Virginia Woolf ambienta il suo romanzo in un unico giorno (un mercoledì di giugno del 1923), quello in cui la borghese signora Dalloway prepara il suo ricevimento. In una Londra erede degli strascichi puritani della fase vittoriana, personaggi e micro ambientazioni si intrecciano. E non si tratta solo di ambientazioni esteriori, scandite, per esempio, dalla vivacità metropolitana con le sue botteghe e le strade rumorose, ma soprattutto interiori. La vita interiore si dilata infatti in alcuni personaggi, alcuni dei quali assurgono al ruolo di 'doppio' della protagonista. E' il caso di Septimus Warren Smith, un reduce di guerra in preda ad allucinazioni, che gli schiudono una sorta di follia misticheggiante o molto più probabilmente nelle intenzioni della scrittrice, un'apertura, una possibilità. Lo sventurato asserisce di parlare con compagni morti e pare, nei suoi soliloqui, di voler comunicare una sorta di condensato di conoscenza a cui ha avuto accesso e del quale sembra smanioso di parlare. Per esempio della certezza che 'la morte non esiste'.

La preparazione del ricevimento mette Clarissa di fronte a una vecchia fiamma, Peter, il ragazzo che ha amato e che pure non ha sposato e che gli rimanda, irrimediabilmente, la sua immagine di donna di mezza età borghese, ingessata in quegli stessi obblighi e formalità che pur ha scelto, sposando Richard, un membro del parlamento del partito Conservatore, pratico e in fondo, ingenuo.

La penna della scrittrice, con un acume e una grande raffinatezza, s'intrufola in queste vite borghesi e aristocratiche: vite arroccate agli antichi privilegi, prigionie coscienti accettate con conformistica imparzialità. Nel romanzo vengono inoltre tratteggiate altre figure 'meno nobili': è il caso di Miss Kilman, pedagoga della figlia Elisabeth, una vecchia zitella rozza con l'unica soddisfazione di ringhiare sul mondo la sua superiorità morale, nel nome di un 'amore' che redime ma, in fin dei conti, non salva dagli assalti della 'carne', umiliata e offesa dagli insulti della civiltà.

Ma chi è, davvero, la signora Dalloway? In un certo senso, essa rappresenta Londra, il suo equilibrio soffocante, la sua borghesia calcificata e per contrasto, la vita interiore che si dilata, messa sotto pressione, fino quasi a scoppiare nei deliri di Septimus o nella malinconia che pervade la stessa signora Dalloway quando si accorge, attraverso Peter e l'incontro con Sally, l'amica d'infanzia, che non le resta che accettare le sue scelte e in questo, forse, trovare la pacificazione.
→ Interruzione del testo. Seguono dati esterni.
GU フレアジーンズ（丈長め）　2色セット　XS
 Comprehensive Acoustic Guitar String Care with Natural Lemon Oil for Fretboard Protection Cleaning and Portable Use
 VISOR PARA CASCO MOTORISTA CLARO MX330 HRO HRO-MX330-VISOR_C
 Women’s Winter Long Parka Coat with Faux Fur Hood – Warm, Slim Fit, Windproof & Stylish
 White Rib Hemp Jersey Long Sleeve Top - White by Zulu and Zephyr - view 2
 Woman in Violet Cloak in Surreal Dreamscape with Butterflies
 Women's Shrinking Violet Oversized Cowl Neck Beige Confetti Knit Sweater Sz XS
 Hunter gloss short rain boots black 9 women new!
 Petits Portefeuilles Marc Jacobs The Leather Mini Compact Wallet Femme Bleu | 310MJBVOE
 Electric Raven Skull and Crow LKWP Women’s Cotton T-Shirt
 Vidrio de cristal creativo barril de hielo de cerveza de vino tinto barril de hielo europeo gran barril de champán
La stessa che Septimus, suo alter ego, non trova e per questo,si consegna al suicidio, forse come ultimo tentativo di comunicare un bisogno di compiutezza inespresso.

Nonostante la meschina pressa civilizzatrice, Londra non riesce a sopprimere la vita, le passioni, le ardenti nostalgie che vibrano dietro la maschera mondana della protagonista.

" Ma che cosa si può mai sapere anche delle persone che fanno parte delle nostre vite quotidiane? lei interrogava. "Che cosa siamo tutti, se non dei prigionieri?"